> **Scraped caption text data**:
- Opening Delimiter -
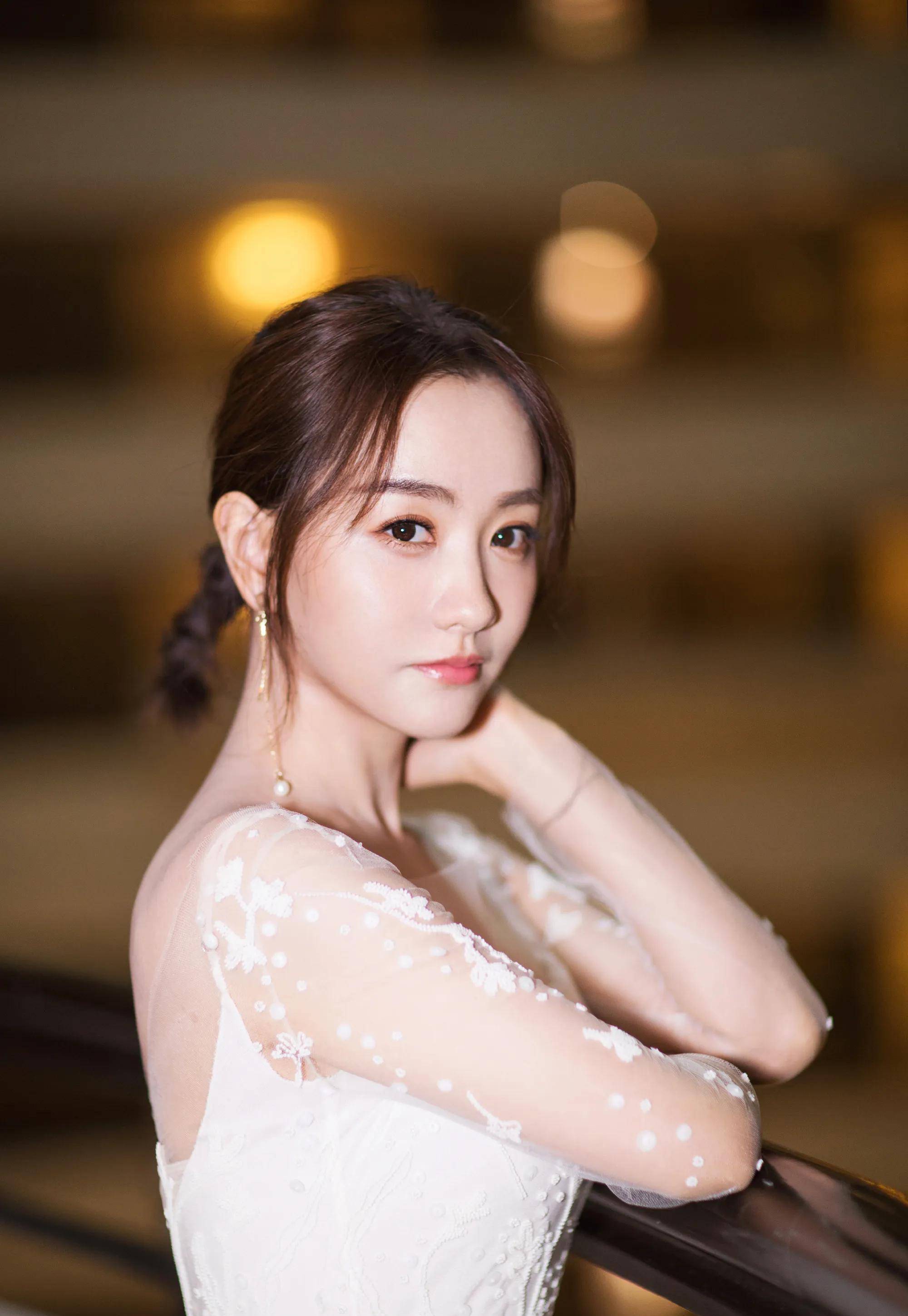 杨蓉身材竟然这么好!真是天生的衣架子,美人胚子,男人想娶回家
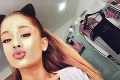 Ariana Grande šokovala novým účesom: Farba len pre odvážne!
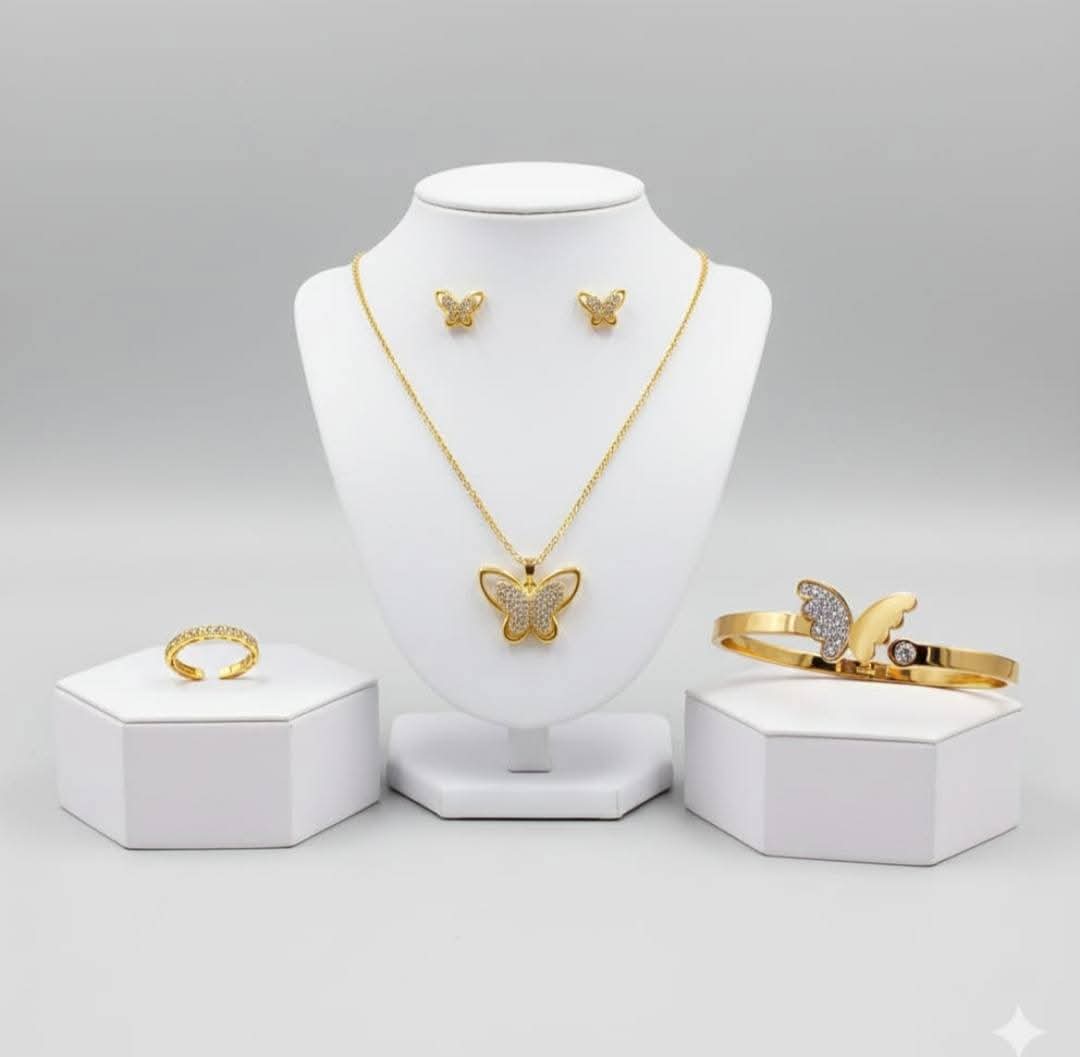 أطقم إكسسوارات يكمل جمال مظهرك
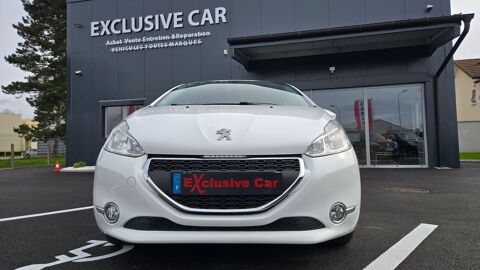 208 1.4 HDi FAP Business 5p 2014 occasion 01000 Bourg-en-Bresse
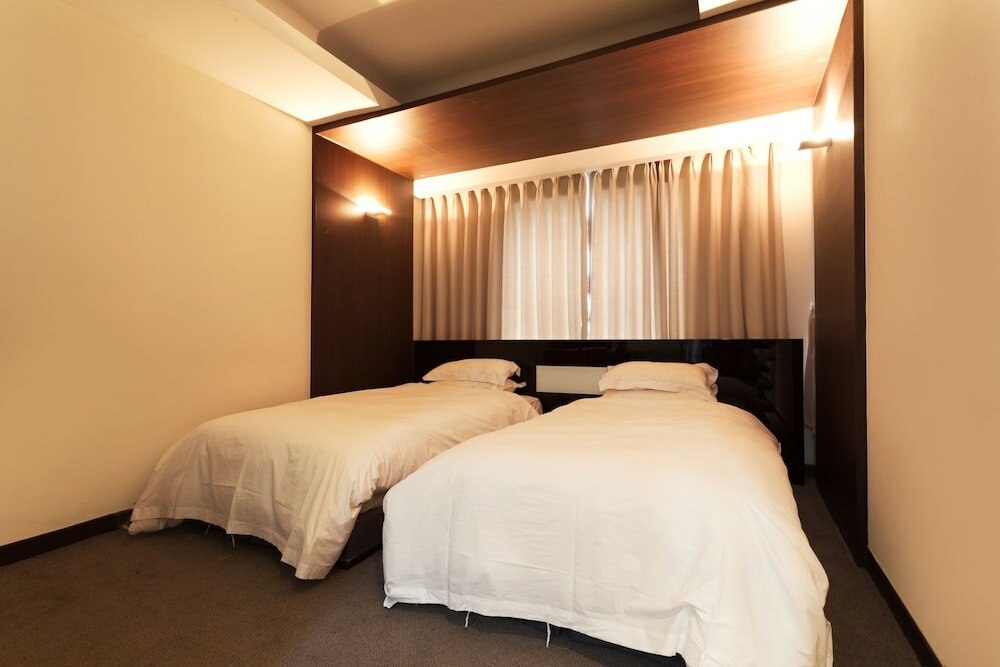 Фото The Riverside Hotel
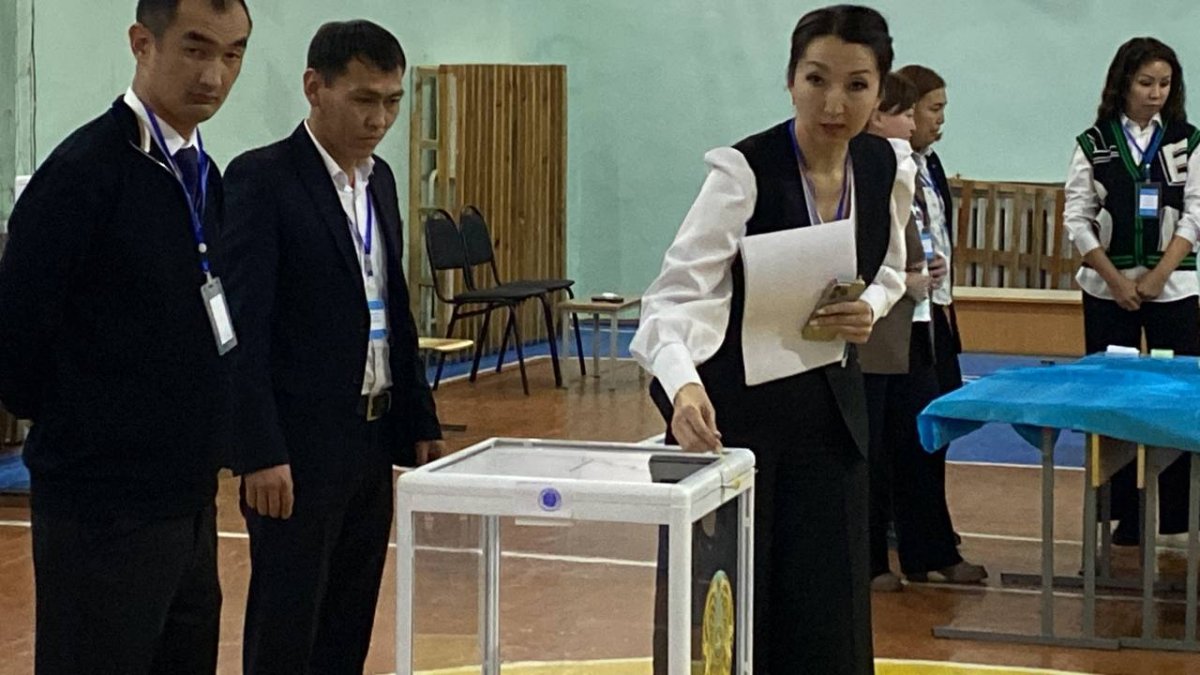 Дауыс санау: Семей әкімін сайлауда кім, қанша дауыс алды?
- Closing Delimiter -
> **REQUIREMENT**: The expected output is every entry, retyped exactly, with all pictures removed.

> **ANSWER SPACE**:
 杨蓉身材竟然这么好!真是天生的衣架子,美人胚子,男人想娶回家
 Ariana Grande šokovala novým účesom: Farba len pre odvážne!
 أطقم إكسسوارات يكمل جمال مظهرك
 208 1.4 HDi FAP Business 5p 2014 occasion 01000 Bourg-en-Bresse
 Фото The Riverside Hotel
 Дауыс санау: Семей әкімін сайлауда кім, қанша дауыс алды?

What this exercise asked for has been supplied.